New York police withdraw new definition of "parade"
By DAVID B. CARUSO
Associated Press Writer
The proposal had been ridiculed by some as an outrageous restriction of civil rights.
Spontaneous demonstrations of all but the smallest sizes would have been outlawed by the rules, critics said. By some interpretations, the regulation would have required countless tour groups to get a permit before strolling through Times Square.
Police Department spokesman Paul Browne acknowledged the criticisms Friday. He said although the department does not agree with many of the complaints, it had decided to make changes.
A new version of the parade policy is now in the works that would eliminate any reference to sidewalk gatherings, he said.
"Common sense has prevailed," said Christopher Dunn, an attorney for the New York Civil Liberties Union, which opposed the changes.
"From the outset, everyone recognized that the proposed rules swept far too broadly, and we're pleased the police department has now realized that," he said. "There is simply no reason for requiring field trips, sidewalk marches and lawful bike rides to have police permits."

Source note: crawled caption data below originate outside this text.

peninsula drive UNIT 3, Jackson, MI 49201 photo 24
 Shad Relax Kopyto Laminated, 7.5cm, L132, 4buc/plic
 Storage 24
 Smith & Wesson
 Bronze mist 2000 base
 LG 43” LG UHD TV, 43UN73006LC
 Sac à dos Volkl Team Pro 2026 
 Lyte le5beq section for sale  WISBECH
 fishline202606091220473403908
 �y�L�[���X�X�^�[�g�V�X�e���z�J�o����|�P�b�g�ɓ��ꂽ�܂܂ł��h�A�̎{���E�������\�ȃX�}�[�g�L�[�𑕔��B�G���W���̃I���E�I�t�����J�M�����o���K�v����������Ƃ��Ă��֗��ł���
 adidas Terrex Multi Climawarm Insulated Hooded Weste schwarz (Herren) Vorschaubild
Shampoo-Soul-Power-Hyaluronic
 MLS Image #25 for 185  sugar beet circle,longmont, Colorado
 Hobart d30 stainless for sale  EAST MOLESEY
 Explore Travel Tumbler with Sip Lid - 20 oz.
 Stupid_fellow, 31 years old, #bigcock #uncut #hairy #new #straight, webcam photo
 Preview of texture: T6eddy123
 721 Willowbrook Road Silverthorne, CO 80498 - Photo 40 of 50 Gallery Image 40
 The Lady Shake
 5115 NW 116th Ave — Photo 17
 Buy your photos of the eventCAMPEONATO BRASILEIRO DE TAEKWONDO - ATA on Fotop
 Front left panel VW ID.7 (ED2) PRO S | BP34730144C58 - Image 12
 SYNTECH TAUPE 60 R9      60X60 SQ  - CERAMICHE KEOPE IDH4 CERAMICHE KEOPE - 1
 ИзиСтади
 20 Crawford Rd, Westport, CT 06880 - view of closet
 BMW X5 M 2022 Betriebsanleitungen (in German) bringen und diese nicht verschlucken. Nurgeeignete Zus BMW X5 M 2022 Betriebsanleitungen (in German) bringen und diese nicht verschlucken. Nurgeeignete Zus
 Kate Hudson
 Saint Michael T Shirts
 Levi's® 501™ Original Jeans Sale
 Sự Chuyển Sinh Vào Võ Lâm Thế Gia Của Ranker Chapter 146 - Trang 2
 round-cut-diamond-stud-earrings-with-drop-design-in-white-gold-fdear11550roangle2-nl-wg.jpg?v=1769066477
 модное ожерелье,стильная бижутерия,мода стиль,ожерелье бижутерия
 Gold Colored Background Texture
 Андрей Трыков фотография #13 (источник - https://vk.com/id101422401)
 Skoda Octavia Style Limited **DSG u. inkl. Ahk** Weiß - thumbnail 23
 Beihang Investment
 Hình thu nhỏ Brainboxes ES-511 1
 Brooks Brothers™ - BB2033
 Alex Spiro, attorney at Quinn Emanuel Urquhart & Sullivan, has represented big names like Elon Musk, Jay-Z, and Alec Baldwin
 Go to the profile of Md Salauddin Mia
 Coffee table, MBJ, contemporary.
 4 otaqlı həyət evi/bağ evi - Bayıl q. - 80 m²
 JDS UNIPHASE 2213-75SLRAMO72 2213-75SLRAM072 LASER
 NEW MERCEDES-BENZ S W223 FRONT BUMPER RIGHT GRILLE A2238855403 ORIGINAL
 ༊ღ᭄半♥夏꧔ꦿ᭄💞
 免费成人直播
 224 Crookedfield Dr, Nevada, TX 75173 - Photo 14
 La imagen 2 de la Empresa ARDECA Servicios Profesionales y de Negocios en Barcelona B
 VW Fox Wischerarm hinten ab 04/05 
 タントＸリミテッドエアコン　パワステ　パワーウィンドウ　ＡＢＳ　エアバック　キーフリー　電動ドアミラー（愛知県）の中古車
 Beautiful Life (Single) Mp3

The revision of the parade rules had been prompted by the department's running battle with participants in a monthly group bicycle ride known as Critical Mass.
Once a month, scores and sometimes hundreds of cyclists gather in Manhattan for a group ride down city streets. The rides have been going on for a decade, but since the 2004 Republican National Convention the police department has been insisting that the cyclists need a parade permit.
Participants have refused to apply for one, saying they should not need police permission to ride their bikes, as long as they obey all traffic rules.
The latest proposal, Browne said, is expected to require any group of 10 people or more to get a parade permit if they intended to travel on a city street in a manner that does not comply with all applicable traffic laws. Any group of 20 people or more on foot, in cars or astride bikes would be required to get a permit, even if they did obey traffic rules.
It was unclear Friday whether that would satisfy critics.
"We would oppose any proposal that would require a police permit for people lawfully riding bikes or driving on a roadway," Dunn said.